# Please could you give me a five-lira note in my change?



## seitt

Greetings,

Sometimes when a shopkeeper is about to give me change, I wish to ask if he can please give me a five lira note in the change he gives me.

Please, how can I phrase this request in Turkish?

Best wishes, and many thanks,

Simon


----------



## DemirKSK

Hey Simon;
I didn't get the point; but 
if you meant "5 lira change in banknote" -- > "Paraüstünü kâğıt 5'lik alabilir miyim? "


----------



## seitt

Many thanks - the point is simply that I find it convenient to have a few 5 lira notes with me, so if I'm running out I ask for some in the change.

Ah, could perhaps the following be nearer to my meaning? "Paraüstünde bir iki kâğıt 5'lik alabilir miyim?" I say this because I don't want all my change in 5 lira notes, just some of it, perhaps a very small portion of it as one or two are enough.


----------



## SARI7

It is sufficient and better to say what you said in your question, omitting the part "paraüstünde". 
So you can say " bir iki kağıt 5'lik alabilir miyim?"
Then s/he will give your change, and 5-10 lira of it as 5 lira notes.


----------



## seitt

> So you can say " bir iki kağıt 5'lik alabilir miyim?"

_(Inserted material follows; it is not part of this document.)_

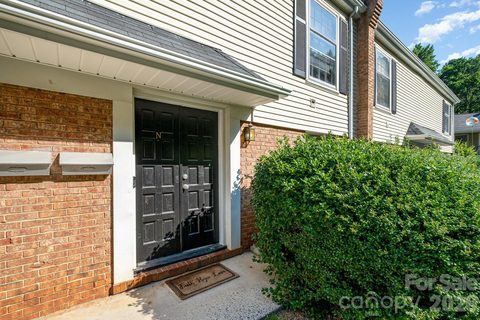 4609 Coronado Drive active condo in Coventry Woods, Charlotte, NC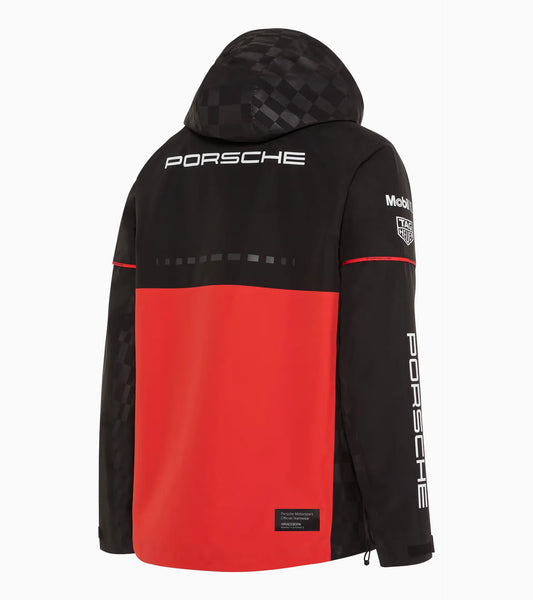Porsche Motorsport Replica – Unisex Rain Jacket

Many thanks, I'll say this.

Just in case I did want to include the word "paraüstü" in my sentence, what would be the most natural (or least unnatural) thing to say, please?


----------



## Rallino

I would just say: _Paraüstünde bir iki tane de 5'lik bulunsun zahmet olmazsa._


----------



## seitt

Many thanks - is the function of the 'de' here to indicate that you are expecting there to be banknotes and coins other than five lira notes in the change too?


----------



## Rallino

Precisely


----------



## seitt

Much obliged and best wishes.


----------



## Reverence

People usually tend to consider constructing simpler and shorter sentences until they feel confident enough in their command of a given language. Here are a couple alternatives:

- Üstünü beşlik verebilir misiniz?
- Beşlik olursa, bir zahmet...


----------



## seitt

Many thanks - excellent advice for beginners is there too.



> - Üstünü beşlik verebilir misiniz?


Would that not mean that you want only a 5 lira note (or five lira notes) in your change?


----------



## SARI7

seitt said:


> Many thanks - excellent advice for beginners is there too.
> 
> 
> Would that not mean that you want only a 5 lira note (or five lira notes) in your change?


Yes, it means you want all your change in 5s.


----------



## Reverence

seitt said:


> Would that not mean that you want only a 5 lira note (or five lira notes) in your change?



Indeed. Assuming you only need one 5-lira note and don't care how the rest is returned, we can change the examples as follows:

- Bir tane beşlik verebilir misiniz?
- Bir tanesi beşlik olursa, bir zahmet...

If using the word "para üstü" is really necessary, a possible way to add that is:

- Para üstünün içinde bir tane beşlik olabilir mi?

It's indeed difficult to include "para üstü" and keep it short at the same time. It will only serve to lengthen the sentence without adding anything of substance.


----------



## seitt

Many thanks, excellent.


----------